Evaluating Web accessibility at different processing phases BIBAFull-Text 159-181
  N. Fernandes; R. Lopes; L. Carriço
Modern Web sites use several techniques (e.g. DOM manipulation) that allow for the injection of new content into their Web pages (e.g. AJAX), as well as manipulation of the HTML DOM tree. This has the consequence that the Web pages that are presented to users (i.e. after browser processing) are different from the original structure and content that is transmitted through HTTP communication (i.e. after browser processing). This poses a series of challenges for Web accessibility evaluation, especially on automated evaluation software. This article details an experimental study designed to understand the differences posed by accessibility evaluation after Web browser processing. We implemented a Javascript-based evaluator, QualWeb, that can perform WCAG 2.0 based accessibility evaluations in the two phases of browser processing. Our study shows that, in fact, there are considerable differences between the HTML DOM trees in both phases, which have the consequence of having distinct evaluation results. We discuss the impact of these results in the light of the potential problems that these differences can pose to designers and developers that use accessibility evaluators that function before browser processing.

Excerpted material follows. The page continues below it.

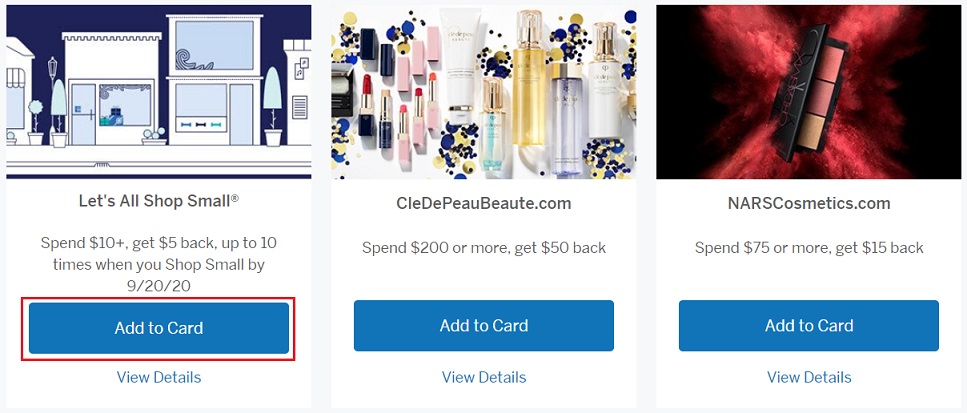 Amex Offers on Amex Connect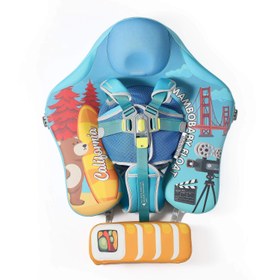 Resim Mambobaby Yüzme Simidi - Sunny Cali, Emniyetli, Gölgelikli ve Ayak Destekli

Improving accessibility to mathematical formulas: the Wikipedia Math Accessor BIBAFull-Text 183-204
  J. Fuentes Sepúlveda; L. Ferres
Mathematics accessibility is an important topic for inclusive education. In this paper, we make Wikipedia's repository of mathematical formulas accessible by providing a natural language description of its more than 420,000 formulas using a well-researched sub-language. We also contribute by targeting Spanish speakers, for whom assistive technologies, particularly domain-specific technologies like the one described here, are scarce. Our focus on the semantics of formulas (rather than their visual appearance) allowed us to generate verbalizations with a precision of approximately 80% of understandable descriptions, as shown in an evaluation with sighted users.
GAPforAPE: an augmented browsing system to improve Web 2.0 accessibility BIBAFull-Text 205-229
  Silvia Mirri; Paola Salomoni; Catia Prandi; Ludovico Antonio Muratori
The Web 2.0 evolution has spread more interactive technologies which affected accessibility for users who navigate the Web by using assistive technologies. In particular, the partial download of new data, the continuous refreshing, and the massive use of scripting can represent significant barriers especially for people with visual impairments, who enjoy the Web by means of screen readers. On the other hand, such technologies can be an opportunity, because they can provide a new means of transcoding Web content, making the Web more accessible. In this article we present GAPforAPE, an augmented browsing system (based on Web browsers extensions) which offers a user's profiling system and transcodes Web content according to constrains declared by users: the same Web page is provided to any user, but GAPforAPE computes adequate customizations, by exploiting scripting technologies which usually affect Web pages accessibility. GAPforAPE imitates screen readers behavior: it applies a specific set of transcoding scripts devoted to a given Web site, when available, and a default set of transcoding operations otherwise. The continuous and quick evolution of the Web has shown that a crowdsourcing system is a desirable solution, letting the transcoding scripts evolve in the same way.